**What the exercise asks:**
Leaving out every picture, please repeat exactly the line that contains "Natural Sapphire Beads" and each line after it through the final line below.

++++++++++++++++++++

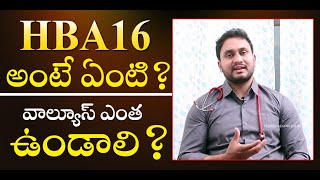 What is Hba1c Blood Test in Diabetes Explained in Telugu By Dr Pradeep  Diagnosis Of Diabetes  THF [upl. by Llehsim784]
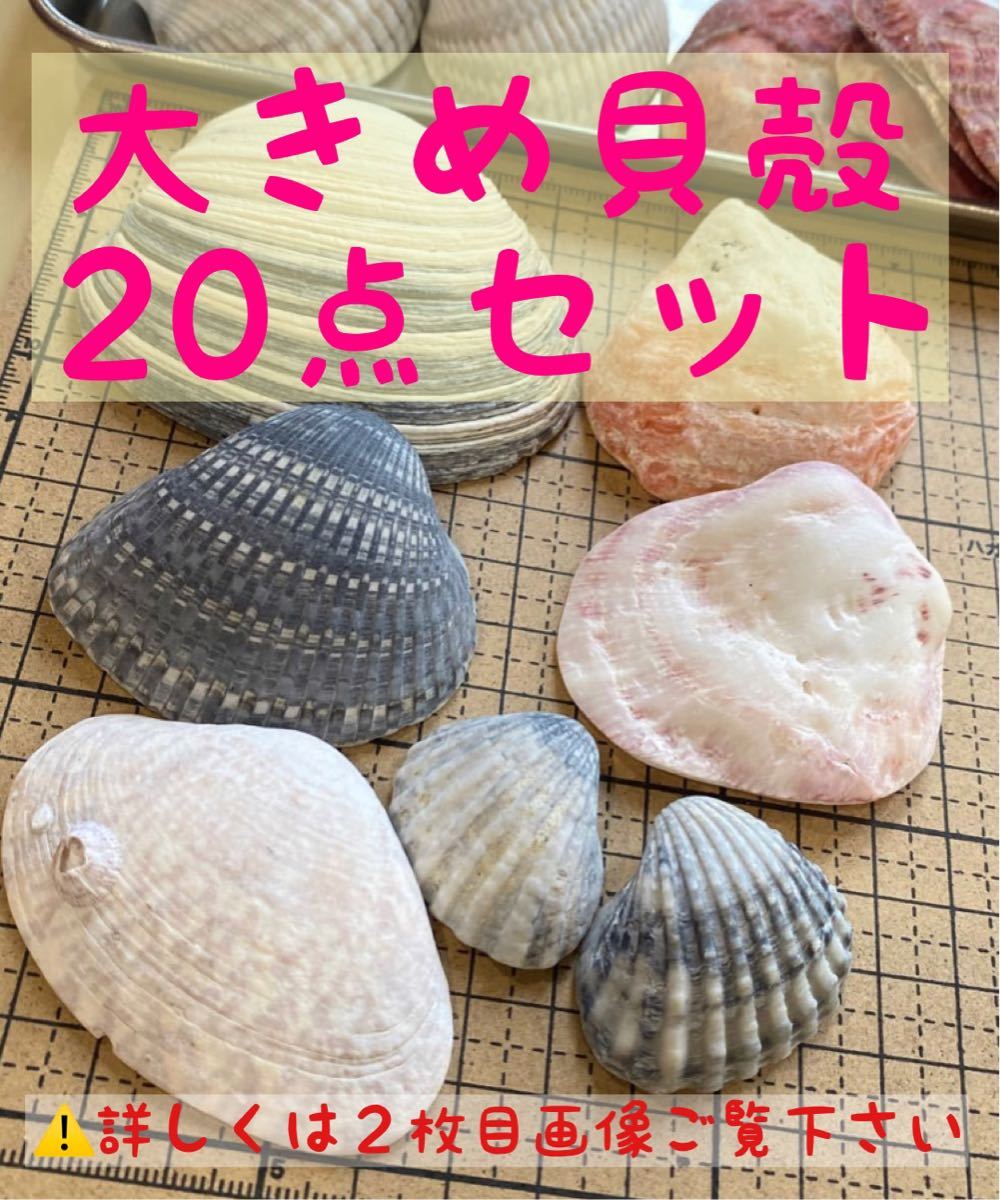 Paypayフリマ 大きめ 貝殻 赤い貝殻 グレーの貝殻 枚 セット 貝殻 貝 シェル ハンドメイド 水槽 シーアート パーツ 材料 Paypayフリマ 大きめ 貝殻 赤い貝殻 グレーの貝殻 枚 セット 貝殻 貝 シェル ハンドメイド 水槽 シーアート パーツ 材料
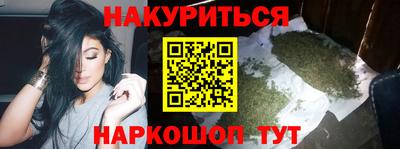 прущие крисы Гатчина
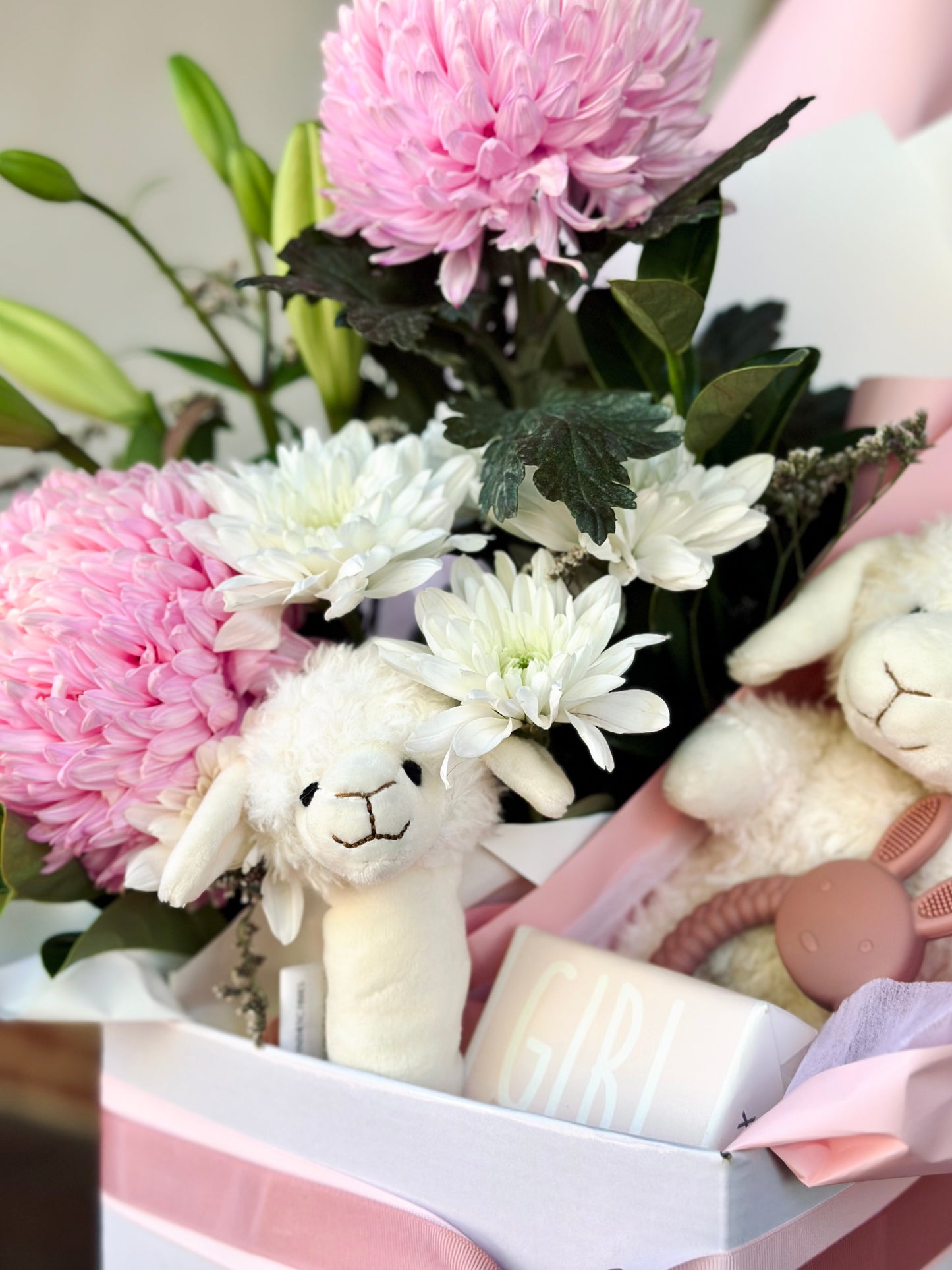 Baby Girl Gift Hamper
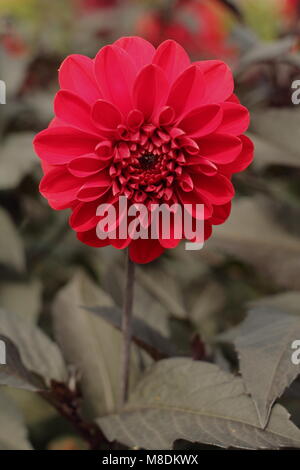 Dahlia 'Fire Mountain' dans une frontière à la fin de l'été d'un jardin anglais, UK Banque D'Images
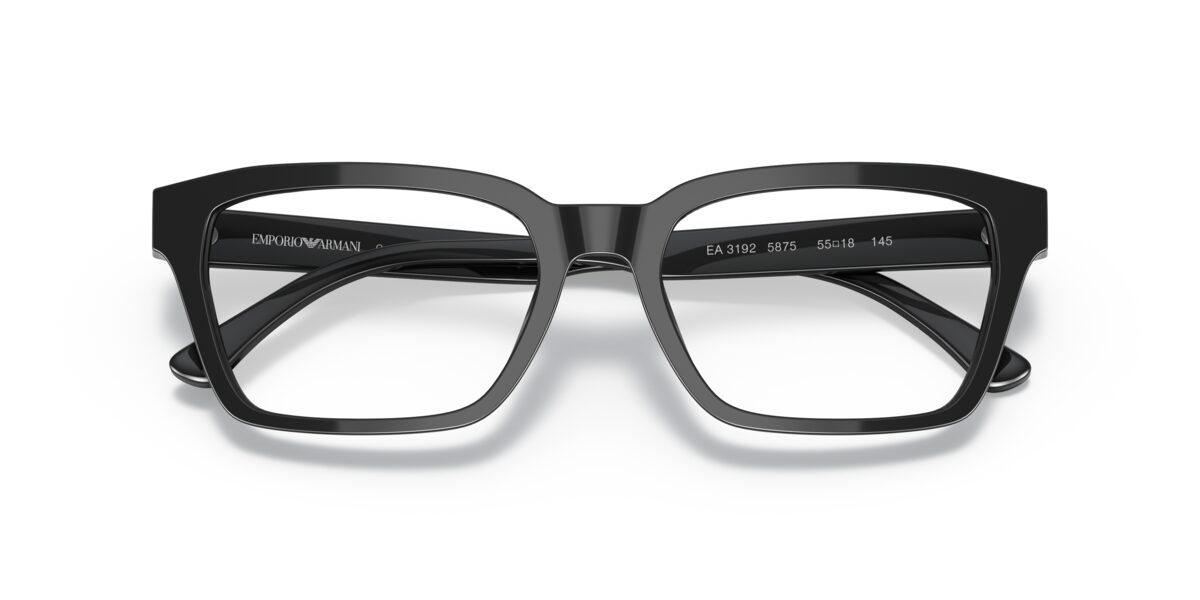 Emporio Armani EA3192 5875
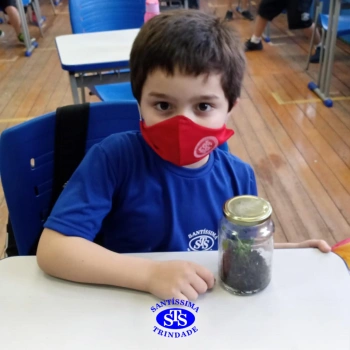 3º ano | Confecção de terrário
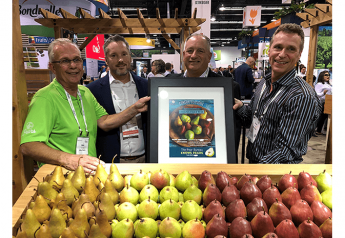 2019 Pear Retailer of the Year is Harris Teeter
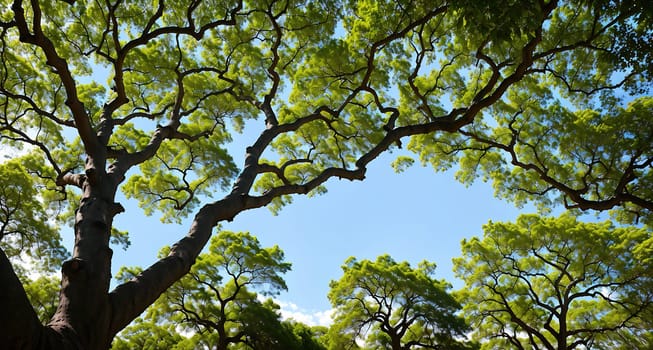 The image shows a large, mature tree with branches stretching up towards the sky, its leaves rustling in the wind.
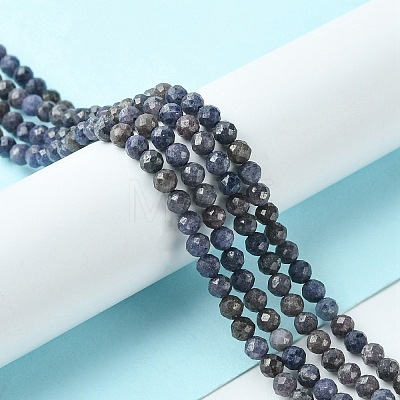 Natural Sapphire Beads Strands G-F748-M01-02-1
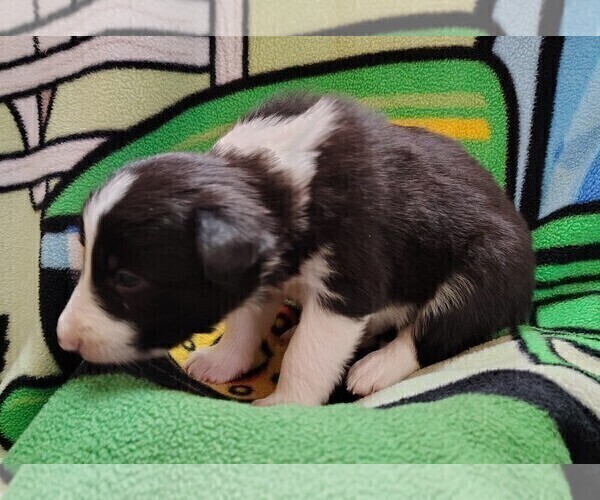 Medium Photo #115 Border Collie Puppy For Sale in NORBORNE, MO, USA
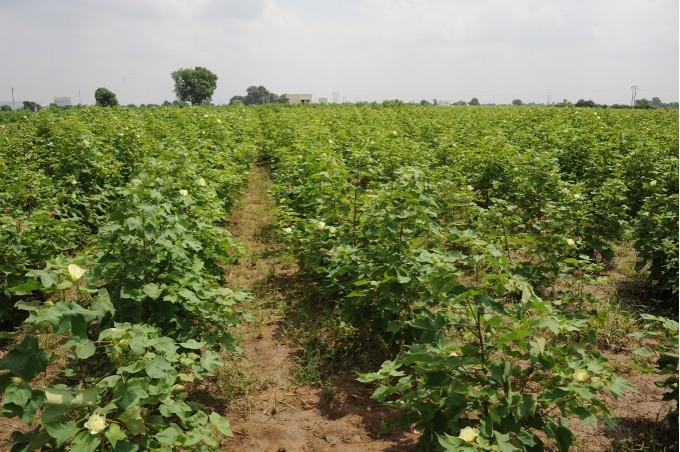 Un champ de coton dans le Gujarat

++++++++++++++++++++

**Output for this exercise:**
 Natural Sapphire Beads Strands G-F748-M01-02-1
 Medium Photo #115 Border Collie Puppy For Sale in NORBORNE, MO, USA
 Un champ de coton dans le Gujarat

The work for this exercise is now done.